Busiest domestic routes from AZA (February 2025 – January 2026)
| Rank | City | Passengers | Carrier(s) |
|---|---|---|---|
| 1 | Provo, Utah | 117,400 | Allegiant |
| 2 | Sioux Falls, South Dakota | 59,720 | Allegiant |
| 3 | Fargo, North Dakota | 59,480 | Allegiant |
| 4 | Appleton, Wisconsin | 41,290 | Allegiant |
| 5 | Bismarck, North Dakota | 37,110 | Allegiant |
| 6 | Grand Rapids, Michigan | 35,620 | Allegiant |
| 7 | Idaho Falls, Idaho | 34,410 | Allegiant |
| 8 | Peoria, Illinois | 33,510 | Allegiant |
| 9 | Cedar Rapids/Iowa City, Iowa | 32,710 | Allegiant |
| 10 | Springfield/Branson, Missouri | 32,230 | Allegiant |

===Annual traffic===

Total yearly traffic at AZA (2001–2025)
| Year | Passengers | Year | Passengers | Year | Passengers |
|---|---|---|---|---|---|
| 2001 | —N/a | 2011 | 953,337 | 2021 | 1,532,150 |
| 2002 | —N/a | 2012 | 1,382,070 | 2022 | 1,888,410 |
| 2003 | —N/a | 2013 | 1,359,032 | 2023 | 1,875,300 |
| 2004 | —N/a | 2014 | 1,240,993 | 2024 | 1,886,055 |
| 2005 | —N/a | 2015 | 1,281,741 | 2025 | 2,035,505 |
| 2006 | —N/a | 2016 | 1,351,827 | 2026 | TBA |
| 2007 | —N/a | 2017 | 1,360,713 |  |  |
| 2008 | 350,661 | 2018 | 1,526,578 |  |  |
| 2009 | 573,480 | 2019 | 1,772,678 |  |  |
| 2010 | 799,674 | 2020 | 1,149,657 |  |  |

===Airline market share===

Top airlines at AZA (February 2025 – January 2026)
| Rank | Airline | Passengers | Market Share |
|---|---|---|---|
| 1 | Allegiant Airlines | 1,987,000 | 98.11% |
| 2 | Sun Country Airlines | 38,230 | 1.89% |

==Future plans==
The number of passengers has increased greatly since Allegiant Air started operations. IWA/AZA did not anticipate this growth within the first year. Due to an increase from 14,588 enplanements in 2007 to 159,481 in 2008, facilities were becoming crowded. To alleviate this problem, extensive renovations and expansions were completed within the existing west side terminal, adding nearly 70,000 ft2 of new space. This added eight gates since IWA/AZA was established in 1994. The airport broke ground on an expansion plan in early 2013, to increase gates to ten. However, because IWA/AZA is running out of real estate on the west side of the airfield, a halt to further expansions will occur until East terminal facilities are built.

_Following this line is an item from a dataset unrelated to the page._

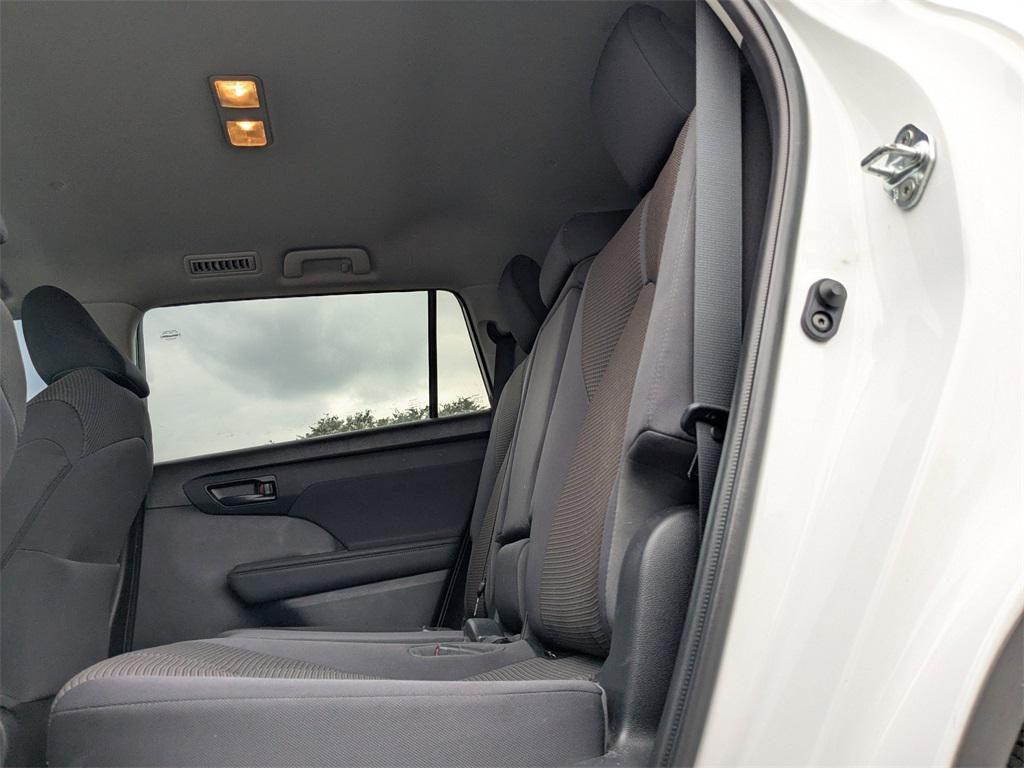 used 2022 Toyota Highlander Hybrid car, priced at $36,700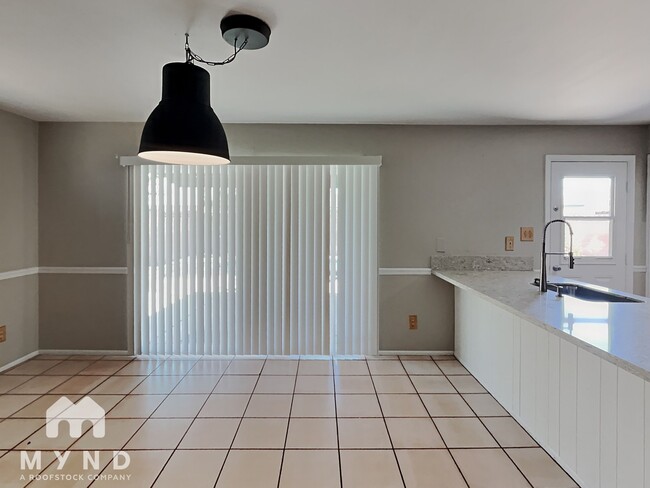 Photo - 537 E Laguna Dr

===East Side Terminal plans===
In response to the expansion issues, PMGAA began planning for a new east terminal. The plan, titled Gateway 2030, was developed in June 2012. The Gateway 2030 plan outlines the process, major findings, and recommendations associated with the cost feasible phasing approach to the development of approximately 700 acre of airport property and the supporting city infrastructure critical to ensure its success" (IWA, 2012b). The plan will be implemented in four phases. With the completion of phase one, IWA/AZA will be able to accommodate 1.5 million enplanements (3 million passengers). Much of phase one will address infrastructure for the new terminal. The addition will include access roads, parking, taxiways, aprons capable of Group III and IV aircraft, and the new 300,000 ft2 pier concept terminal. The new terminal will have 14 gates, constructed to make room for 12 Group III aircraft and two Group IV aircraft.

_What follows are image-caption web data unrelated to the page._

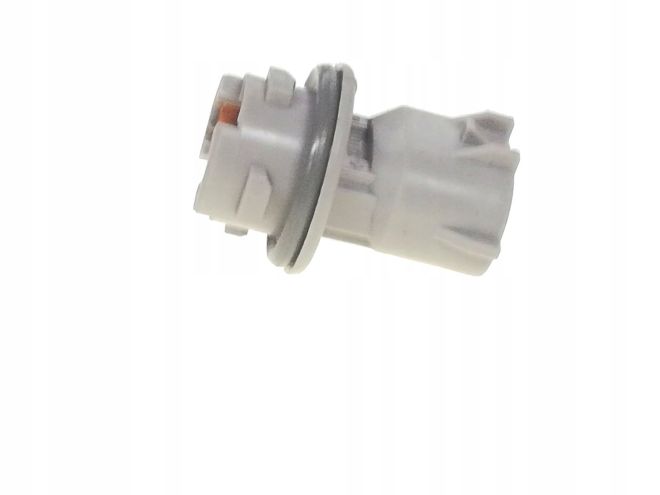 № 10 патрон под лампу W5W (W2,1x9,5d) (Toyota) (90075-60001)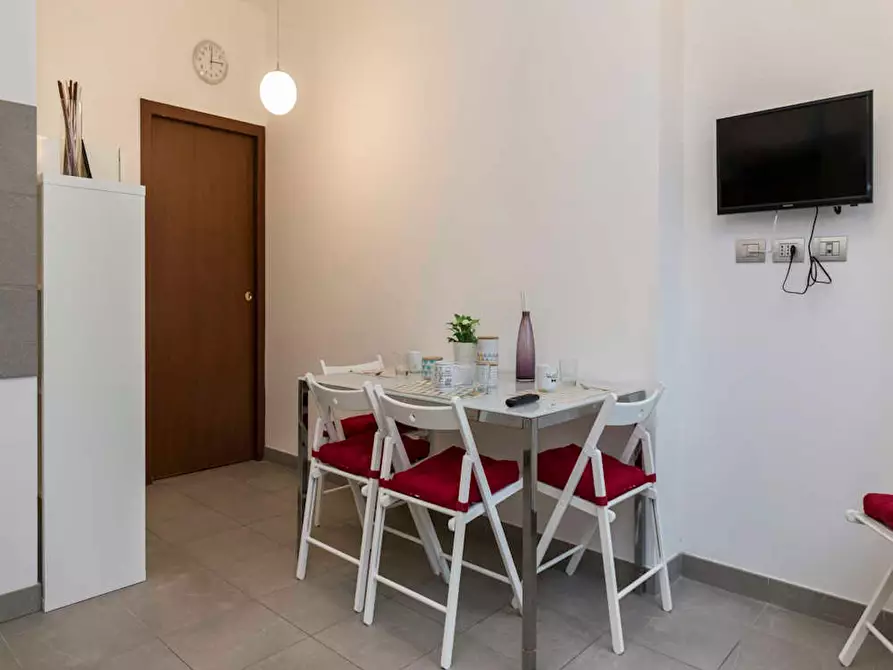 Immagine 10 di Camera in affitto  in Via Polesine a Milano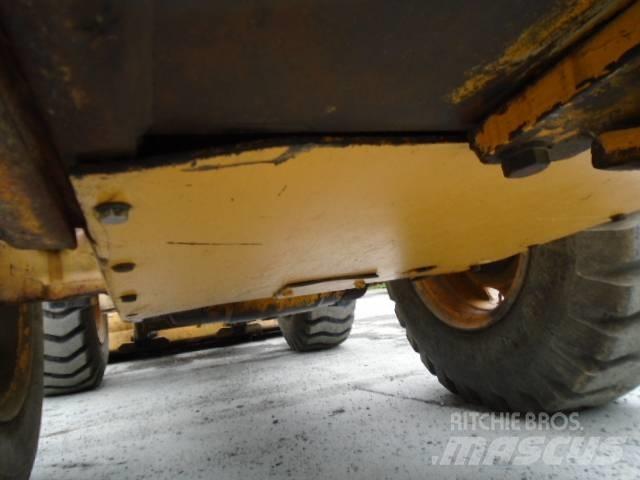 John Deere 544 A Фронтальные погрузчики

Phase two has yet to be planned in detail, but will add another pier terminal to the main concourse, adding up to six gates, parking for 10,500 vehicles, and a 1,000 ft extension of RW 12L/30R. Phase two will enable IWA/AZA to handle 2.2 million enplanements. Phase three for the Gateway 2030 plan will add another pier terminal and second level to the main concourse and will create an additional eight gates, a new apron, more parking, and an additional taxiway.

Phase three will focus on privately owned retail, office, and hotel buildings that will be located on airport property. Phase three will allow IWA to accommodate 5 million enplanements.

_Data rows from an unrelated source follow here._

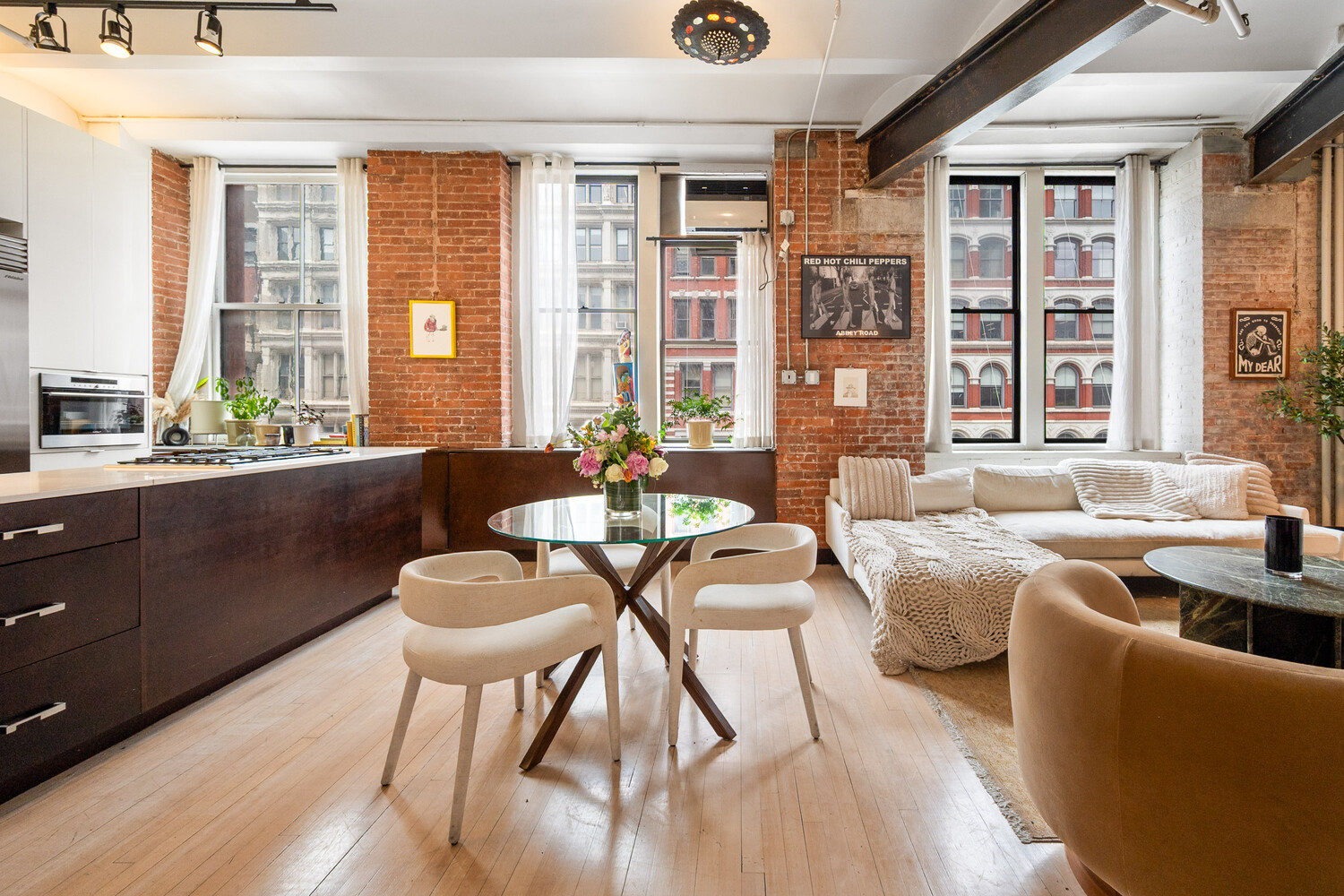 439 LAFAYETTE Street 3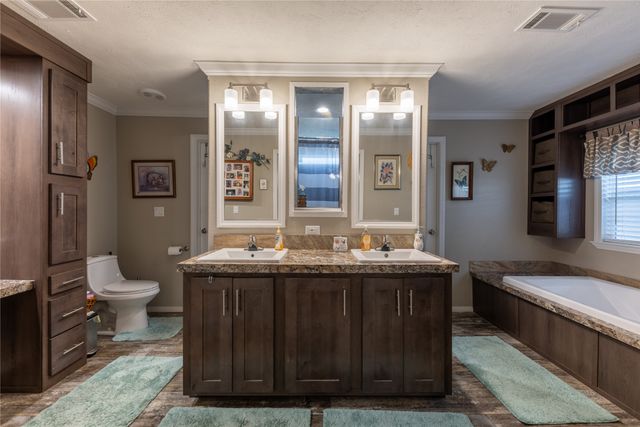 2835 Grays Prairie Lane, Scurry, TX 75158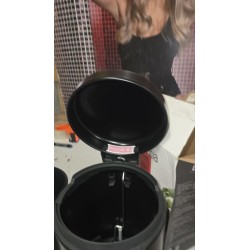 Brabantia NewIcon 3 L kanta, mat crna, 26.4x23.5x16.8 cm | Outlet BGD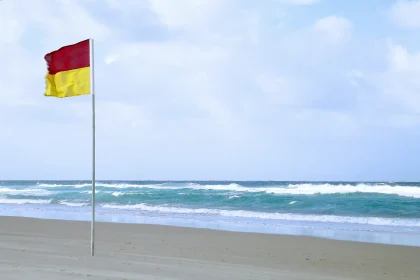 drapeaux-sur-les-plages-en-france-quelles-sont-leurs-significations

Phase four will complete the 2030 plan, allowing IWA able to handle 10 million enplanements (20 million passengers) annually with a total of 60 gates and 21,000 vehicle parking spaces. Phase four will likely not be undertaken until 2030 or beyond, making cost estimates nearly impossible.

Due to the changing market, phase two, three, and four are likely to change. Gateway 2030 is estimated to cost more than $1.4 billion.

===Private Development===
On November 9, 2021, Gulfstream Aerospace Corporation announced that the airport would be the site for the West Coast Service Center Maintenance, Repair and Overhaul (MRO) facility. The construction cost would be more than $100 million and include a 225,000 sqft facility in Phase One.

On July 14, 2022, Virgin Galactic announced it had signed a long-term lease for a new final assembly manufacturing facility for its next-generation Delta class spaceships. The facility will be capable of producing up to six spaceships per year and will bring hundreds of highly skilled aerospace engineering and manufacturing jobs to the area.

== Ground transportation ==
By road, the airport terminal is served by Sossaman Road. Travelers can access Sossaman Road by exiting at either Hawes or Power Road, which are fed by the Arizona State Route Loop 202, and turning onto Ray Road.

There are several taxis, limousine, ride share and shuttle companies to local hotels, the nearby ASU Polytechnic Campus and downtown Mesa. Multiple car rental agencies are available inside of the arrivals lobby.

Valley Metro bus route 184 stops at the terminal building before heading north to Mesa.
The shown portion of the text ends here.